- WORK ORDER -
Beginning with the line of the entries below that holds "A side view" and ending with the line that holds "Young hispanic man", transcribe each line exactly as written. Pictures stay out.

- DATA -
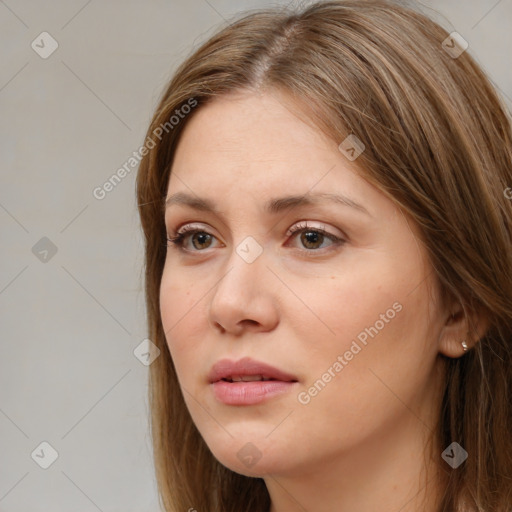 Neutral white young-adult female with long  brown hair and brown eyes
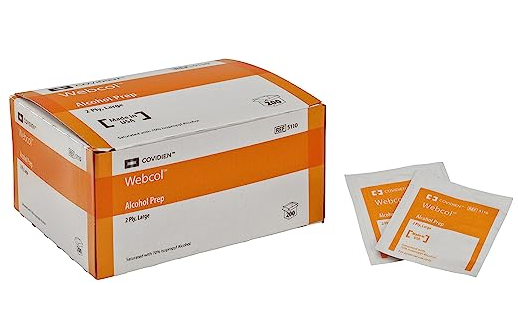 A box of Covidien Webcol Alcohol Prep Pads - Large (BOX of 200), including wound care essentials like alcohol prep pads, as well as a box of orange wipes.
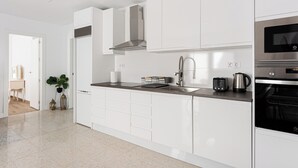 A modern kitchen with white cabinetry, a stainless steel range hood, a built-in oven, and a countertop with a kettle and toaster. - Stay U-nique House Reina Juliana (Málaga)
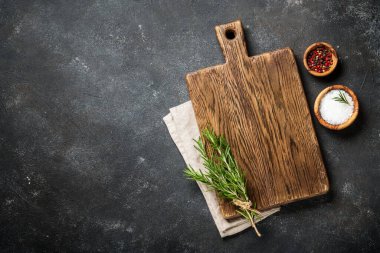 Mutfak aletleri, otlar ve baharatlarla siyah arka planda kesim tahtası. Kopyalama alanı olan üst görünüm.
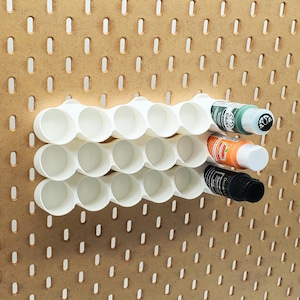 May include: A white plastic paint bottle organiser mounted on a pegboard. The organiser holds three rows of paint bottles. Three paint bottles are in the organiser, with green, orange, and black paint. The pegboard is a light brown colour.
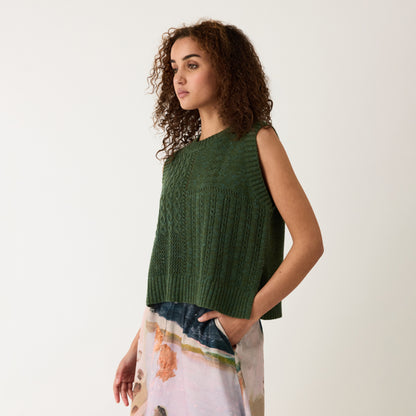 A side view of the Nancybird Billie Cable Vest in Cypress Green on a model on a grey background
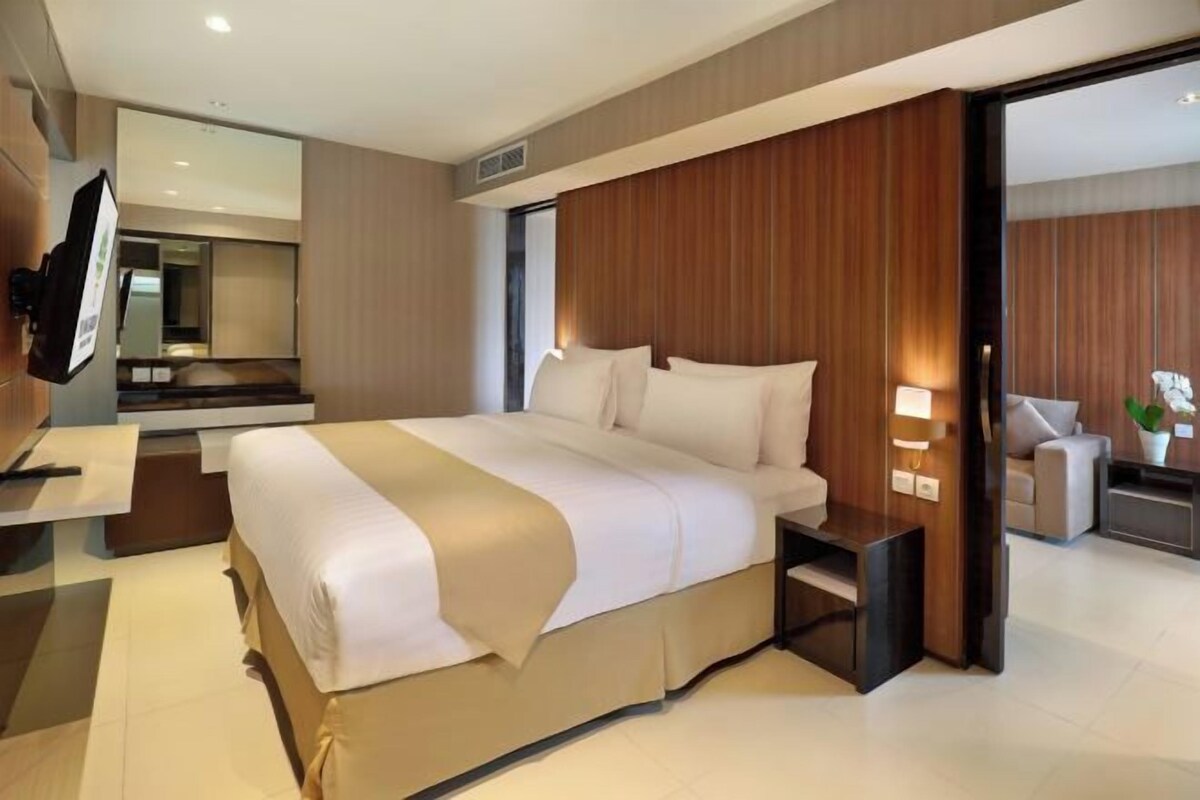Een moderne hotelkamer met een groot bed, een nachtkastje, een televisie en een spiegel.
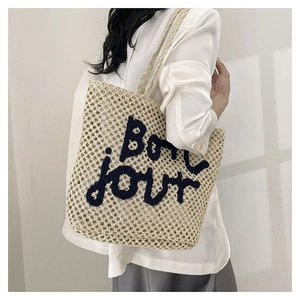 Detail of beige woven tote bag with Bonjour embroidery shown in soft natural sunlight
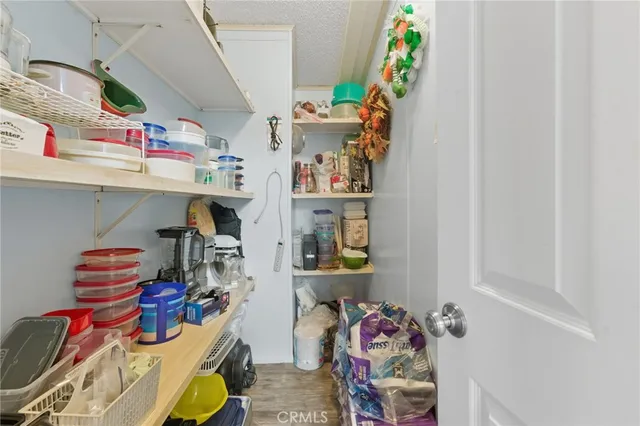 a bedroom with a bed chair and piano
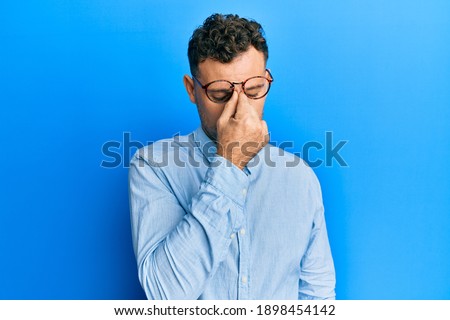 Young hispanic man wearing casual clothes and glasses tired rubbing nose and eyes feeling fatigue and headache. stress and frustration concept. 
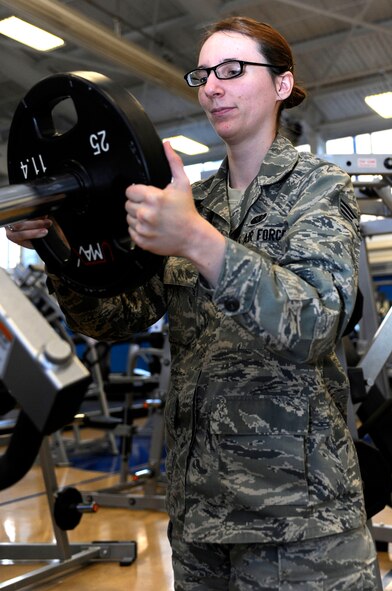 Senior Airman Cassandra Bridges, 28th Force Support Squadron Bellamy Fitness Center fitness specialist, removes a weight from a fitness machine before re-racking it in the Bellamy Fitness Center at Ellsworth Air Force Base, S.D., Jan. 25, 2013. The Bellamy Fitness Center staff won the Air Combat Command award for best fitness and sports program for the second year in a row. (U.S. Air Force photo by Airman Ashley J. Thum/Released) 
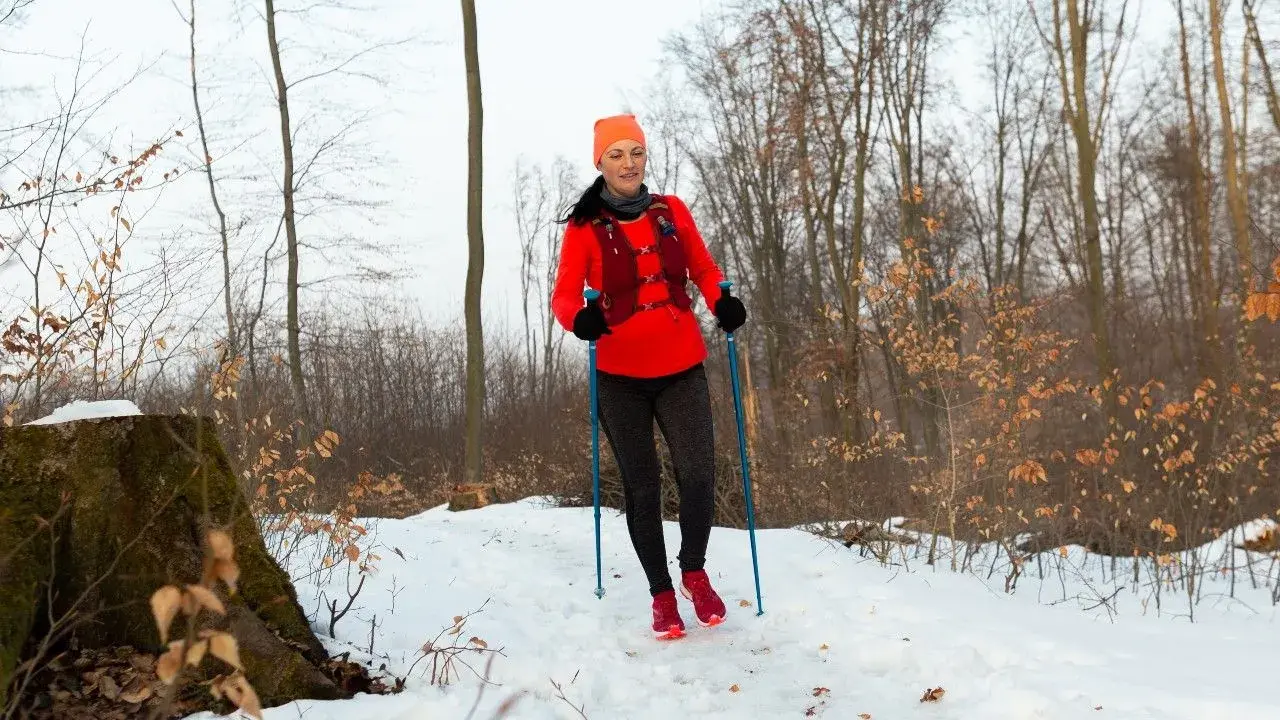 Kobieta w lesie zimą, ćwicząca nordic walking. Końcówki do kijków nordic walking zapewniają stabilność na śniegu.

- WRITTEN SOLUTION -
 A side view of the Nancybird Billie Cable Vest in Cypress Green on a model on a grey background
Een moderne hotelkamer met een groot bed, een nachtkastje, een televisie en een spiegel.
 Detail of beige woven tote bag with Bonjour embroidery shown in soft natural sunlight
 a bedroom with a bed chair and piano
 Young hispanic man wearing casual clothes and glasses tired rubbing nose and eyes feeling fatigue and headache. stress and frustration concept. 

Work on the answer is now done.